If you're allowed to do cohomology, note that $H^*(S^1 \vee S^2 \vee S^3)$ is isomorphic to the direct sum $H^*(S^1)\oplus H^*(S^2) \oplus H^*(S^3)$, so cup product of the generators of $H^1$ and $H^2$ is trivial. Whereas cup product of the generators of $H^1$ and $H^2$ is evidently nontrivial for $S^1 \times S^2$, by Kunneth formula if you wish.

Doing this with homology is a bit tricky: note that universal cover of $S^1 \vee S^2 \vee S^3$ is the topological space which looks like $\Bbb R$ with a copy of $S^2 \vee S^3$ attached to each integer point in $\Bbb R$. This is homotopy equivalent to an infinite wedge of $S^2 \vee S^3$'s, hence the homology group $H_3$ is nontrivial - in fact isomorphic to $\bigoplus \Bbb Z$

On the other universal cover of $S^1 \times S^2$ is $\Bbb R \times S^2$, which is homotopy equivalent to $S^2$. That has trivial homology on dimension $3$, so is not homotopy equivalent to the universal cover of $S^1 \vee S^2 \vee S^3$. Thus, $S^1 \times S^2$ is not homotopy equivalent to $S^1 \vee S^2 \vee S^3$ either.

it is interesting to note after suspending once they are homotopy equivalent, in effect suspending kills the ring structure DS

If they were homotopy equivalent, there would be a map $S^1 \vee S^2 \vee S^3 \to S^1 \times S^2$ inducing an isomorphism on homology.

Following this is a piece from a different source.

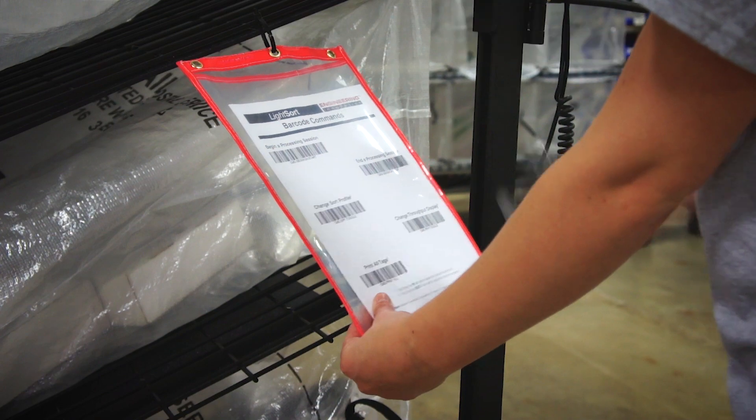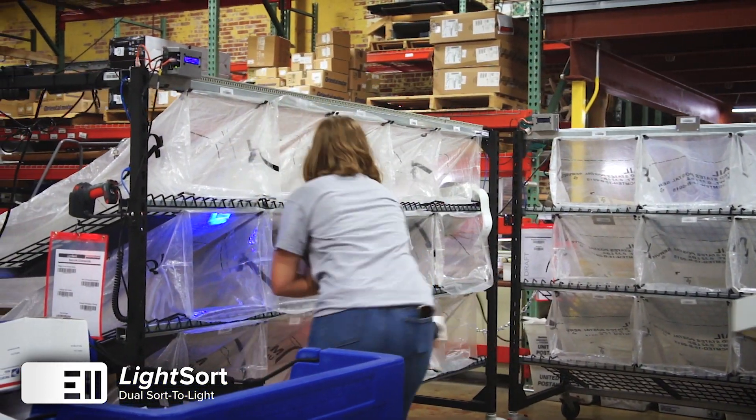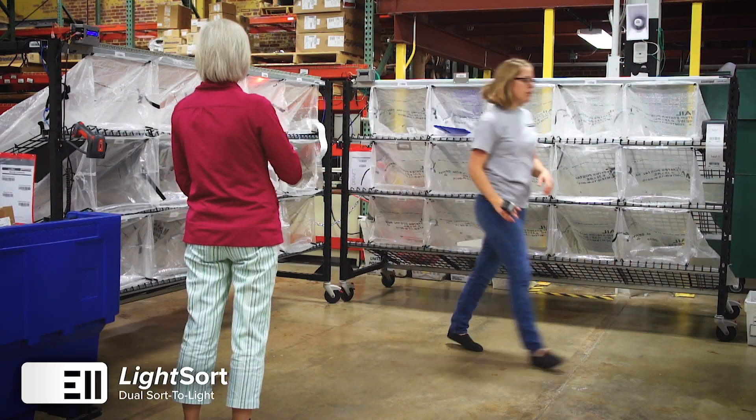Engineering Innovations' Light Sort system is designed to be affordable and flexible. Easy assembly and minimal training mean instant increases in accuracy, productivity, and data collection. Intuitive operation and quick training for employees saves time and money.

The hard part is clearly $S^3$, so let's focus on that.

Because $S^3$ is simply connected, any map $S^3 \to S^1 \times S^2$ lifts to the universal cover $\Bbb R \times S^2$, which deformation retracts onto $\{0\} \times S^2$. Therefore any map $S^3 \to S^1 \times S^2$ is homotopic to one which factors through $\{1\} \times S^2$. In particular, it induces the trivial map on $H_3$, as $H_3(S^2;A) = 0$ for any coefficients $A$.

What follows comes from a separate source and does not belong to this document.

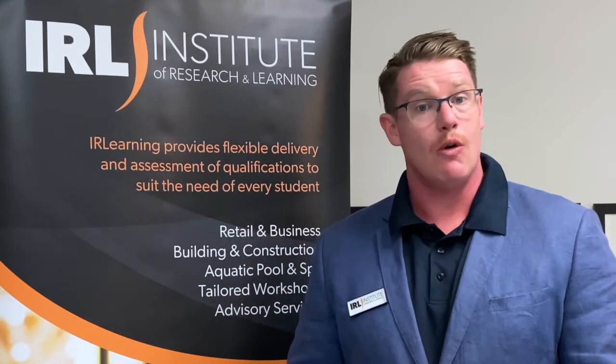The Victorian Building Authority or VBA have just released their course requirements to become a licensed building inspector for pool safety.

Because a map from the wedge sum is just a map from each factor sending the basepoint of each to the same place, this means that any map $S^1 \vee S^2 \vee S^3 \to S^1 \times S^2$ induces the trivial map on $H_3$ with any coefficients. So it cannot be a homology isomorphism, and definitely not a homotopy equivalence.